* [About this task] Each line below that contains "ιδιότητες" should be counted. Give only the total.

* [Input]
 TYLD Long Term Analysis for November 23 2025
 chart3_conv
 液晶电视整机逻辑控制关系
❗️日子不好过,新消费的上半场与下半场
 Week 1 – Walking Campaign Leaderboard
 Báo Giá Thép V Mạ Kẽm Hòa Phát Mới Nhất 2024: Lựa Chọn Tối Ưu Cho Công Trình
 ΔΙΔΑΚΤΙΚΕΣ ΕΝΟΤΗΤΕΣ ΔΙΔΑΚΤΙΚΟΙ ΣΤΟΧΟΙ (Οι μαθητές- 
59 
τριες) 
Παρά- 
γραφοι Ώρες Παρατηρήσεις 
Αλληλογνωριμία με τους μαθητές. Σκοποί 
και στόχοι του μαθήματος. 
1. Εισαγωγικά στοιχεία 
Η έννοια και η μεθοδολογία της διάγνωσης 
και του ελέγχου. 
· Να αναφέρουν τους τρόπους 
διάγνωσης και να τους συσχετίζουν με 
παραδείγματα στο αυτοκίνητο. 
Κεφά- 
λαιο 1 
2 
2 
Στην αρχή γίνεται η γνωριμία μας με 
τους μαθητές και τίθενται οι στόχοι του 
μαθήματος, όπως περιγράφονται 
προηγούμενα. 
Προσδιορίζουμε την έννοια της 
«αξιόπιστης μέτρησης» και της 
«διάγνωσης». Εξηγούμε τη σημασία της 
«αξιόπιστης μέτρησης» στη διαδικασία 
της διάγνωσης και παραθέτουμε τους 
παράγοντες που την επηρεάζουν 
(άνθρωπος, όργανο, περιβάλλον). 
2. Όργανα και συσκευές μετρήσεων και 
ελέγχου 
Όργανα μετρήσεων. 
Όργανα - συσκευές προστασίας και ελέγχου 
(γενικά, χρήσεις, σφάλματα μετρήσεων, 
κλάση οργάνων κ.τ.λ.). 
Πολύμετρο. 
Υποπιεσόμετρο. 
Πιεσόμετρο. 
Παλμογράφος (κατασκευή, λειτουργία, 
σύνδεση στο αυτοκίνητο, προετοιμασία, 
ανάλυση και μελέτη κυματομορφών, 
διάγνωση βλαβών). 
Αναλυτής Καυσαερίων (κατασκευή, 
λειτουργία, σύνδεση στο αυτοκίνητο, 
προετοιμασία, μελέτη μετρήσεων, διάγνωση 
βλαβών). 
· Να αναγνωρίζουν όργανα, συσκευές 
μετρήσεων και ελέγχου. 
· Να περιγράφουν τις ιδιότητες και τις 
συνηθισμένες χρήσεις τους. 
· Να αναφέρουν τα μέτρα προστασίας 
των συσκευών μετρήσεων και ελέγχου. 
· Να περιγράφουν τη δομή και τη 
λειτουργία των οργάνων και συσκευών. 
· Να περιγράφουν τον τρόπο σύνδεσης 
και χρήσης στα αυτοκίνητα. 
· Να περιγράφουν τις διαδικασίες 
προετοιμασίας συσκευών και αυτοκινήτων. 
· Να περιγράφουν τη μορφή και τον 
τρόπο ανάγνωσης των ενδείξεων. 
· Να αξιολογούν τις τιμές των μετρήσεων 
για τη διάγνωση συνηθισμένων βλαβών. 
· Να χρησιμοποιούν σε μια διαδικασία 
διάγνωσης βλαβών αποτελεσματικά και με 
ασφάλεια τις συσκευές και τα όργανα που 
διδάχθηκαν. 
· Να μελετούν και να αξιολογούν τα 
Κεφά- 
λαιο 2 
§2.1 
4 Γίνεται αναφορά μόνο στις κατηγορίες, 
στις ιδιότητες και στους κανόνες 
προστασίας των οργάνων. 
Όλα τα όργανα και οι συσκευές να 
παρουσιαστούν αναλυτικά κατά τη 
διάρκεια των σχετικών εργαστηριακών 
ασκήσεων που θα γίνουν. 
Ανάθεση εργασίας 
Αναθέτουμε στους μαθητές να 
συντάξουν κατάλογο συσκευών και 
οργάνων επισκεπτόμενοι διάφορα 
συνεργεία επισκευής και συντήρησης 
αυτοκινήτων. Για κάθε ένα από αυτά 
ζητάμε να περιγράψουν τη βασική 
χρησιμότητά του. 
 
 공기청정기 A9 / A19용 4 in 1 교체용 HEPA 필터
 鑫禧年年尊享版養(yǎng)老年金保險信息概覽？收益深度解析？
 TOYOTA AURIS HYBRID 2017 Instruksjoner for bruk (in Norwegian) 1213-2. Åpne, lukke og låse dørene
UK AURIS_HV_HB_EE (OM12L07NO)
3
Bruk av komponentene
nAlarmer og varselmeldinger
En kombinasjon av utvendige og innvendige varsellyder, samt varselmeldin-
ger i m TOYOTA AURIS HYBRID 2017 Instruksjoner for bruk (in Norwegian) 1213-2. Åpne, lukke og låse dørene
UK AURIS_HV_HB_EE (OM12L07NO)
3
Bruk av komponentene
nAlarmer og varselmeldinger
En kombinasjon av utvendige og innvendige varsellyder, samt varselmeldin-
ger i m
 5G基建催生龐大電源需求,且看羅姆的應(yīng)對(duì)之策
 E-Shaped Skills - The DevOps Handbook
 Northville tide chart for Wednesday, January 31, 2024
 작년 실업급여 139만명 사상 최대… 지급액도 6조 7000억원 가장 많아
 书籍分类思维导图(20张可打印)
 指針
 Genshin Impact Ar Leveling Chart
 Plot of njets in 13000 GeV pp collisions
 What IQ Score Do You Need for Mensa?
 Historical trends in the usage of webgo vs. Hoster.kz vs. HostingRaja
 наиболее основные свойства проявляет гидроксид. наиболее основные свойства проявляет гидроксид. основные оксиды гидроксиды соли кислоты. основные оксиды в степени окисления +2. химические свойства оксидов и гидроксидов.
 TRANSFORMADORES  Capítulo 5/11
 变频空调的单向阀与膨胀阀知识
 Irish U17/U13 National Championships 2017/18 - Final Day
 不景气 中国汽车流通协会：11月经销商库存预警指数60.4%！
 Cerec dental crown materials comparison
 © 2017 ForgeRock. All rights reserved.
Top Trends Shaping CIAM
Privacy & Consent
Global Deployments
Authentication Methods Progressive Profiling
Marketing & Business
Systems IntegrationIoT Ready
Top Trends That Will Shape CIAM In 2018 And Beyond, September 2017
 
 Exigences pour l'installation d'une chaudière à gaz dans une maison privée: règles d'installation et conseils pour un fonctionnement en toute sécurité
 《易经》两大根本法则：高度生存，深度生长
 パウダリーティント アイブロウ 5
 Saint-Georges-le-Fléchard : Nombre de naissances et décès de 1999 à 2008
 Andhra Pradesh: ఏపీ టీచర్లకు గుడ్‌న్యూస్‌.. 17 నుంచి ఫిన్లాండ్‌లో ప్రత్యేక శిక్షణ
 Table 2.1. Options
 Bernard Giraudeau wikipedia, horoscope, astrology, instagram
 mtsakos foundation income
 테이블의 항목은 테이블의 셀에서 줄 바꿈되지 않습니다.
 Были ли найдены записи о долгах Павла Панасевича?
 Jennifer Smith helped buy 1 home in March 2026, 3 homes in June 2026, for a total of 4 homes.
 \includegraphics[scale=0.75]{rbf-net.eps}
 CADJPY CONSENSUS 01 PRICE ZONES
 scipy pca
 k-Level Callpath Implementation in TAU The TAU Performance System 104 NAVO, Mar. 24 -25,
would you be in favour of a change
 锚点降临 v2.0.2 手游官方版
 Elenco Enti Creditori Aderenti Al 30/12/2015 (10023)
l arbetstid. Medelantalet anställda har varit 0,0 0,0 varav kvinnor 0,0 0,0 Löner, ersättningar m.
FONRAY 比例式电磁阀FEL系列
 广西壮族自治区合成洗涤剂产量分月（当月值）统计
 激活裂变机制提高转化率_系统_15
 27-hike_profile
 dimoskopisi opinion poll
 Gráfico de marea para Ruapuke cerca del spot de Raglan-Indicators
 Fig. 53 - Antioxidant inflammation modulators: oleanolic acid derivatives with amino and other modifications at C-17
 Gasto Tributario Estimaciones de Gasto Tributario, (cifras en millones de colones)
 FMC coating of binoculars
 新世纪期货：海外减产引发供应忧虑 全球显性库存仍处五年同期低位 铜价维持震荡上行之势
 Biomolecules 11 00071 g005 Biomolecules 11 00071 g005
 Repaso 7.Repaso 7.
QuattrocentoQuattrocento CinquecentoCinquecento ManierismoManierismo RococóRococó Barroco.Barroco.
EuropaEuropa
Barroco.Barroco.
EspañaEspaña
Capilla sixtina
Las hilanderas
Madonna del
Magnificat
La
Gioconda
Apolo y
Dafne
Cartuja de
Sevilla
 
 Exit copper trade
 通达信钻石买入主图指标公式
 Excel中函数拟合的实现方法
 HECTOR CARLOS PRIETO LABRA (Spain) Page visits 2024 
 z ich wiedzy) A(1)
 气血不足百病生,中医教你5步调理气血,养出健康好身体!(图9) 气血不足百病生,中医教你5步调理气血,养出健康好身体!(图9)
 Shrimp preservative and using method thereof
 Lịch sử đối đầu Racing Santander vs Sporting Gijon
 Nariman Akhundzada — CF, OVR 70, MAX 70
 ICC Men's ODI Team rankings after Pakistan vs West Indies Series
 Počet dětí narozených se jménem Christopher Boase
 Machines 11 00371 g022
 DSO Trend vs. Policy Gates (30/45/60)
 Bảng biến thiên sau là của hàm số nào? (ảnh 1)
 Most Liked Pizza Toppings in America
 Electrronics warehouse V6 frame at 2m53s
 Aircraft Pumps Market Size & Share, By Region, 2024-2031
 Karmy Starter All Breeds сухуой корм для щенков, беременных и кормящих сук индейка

* [Solution for this exercise] 2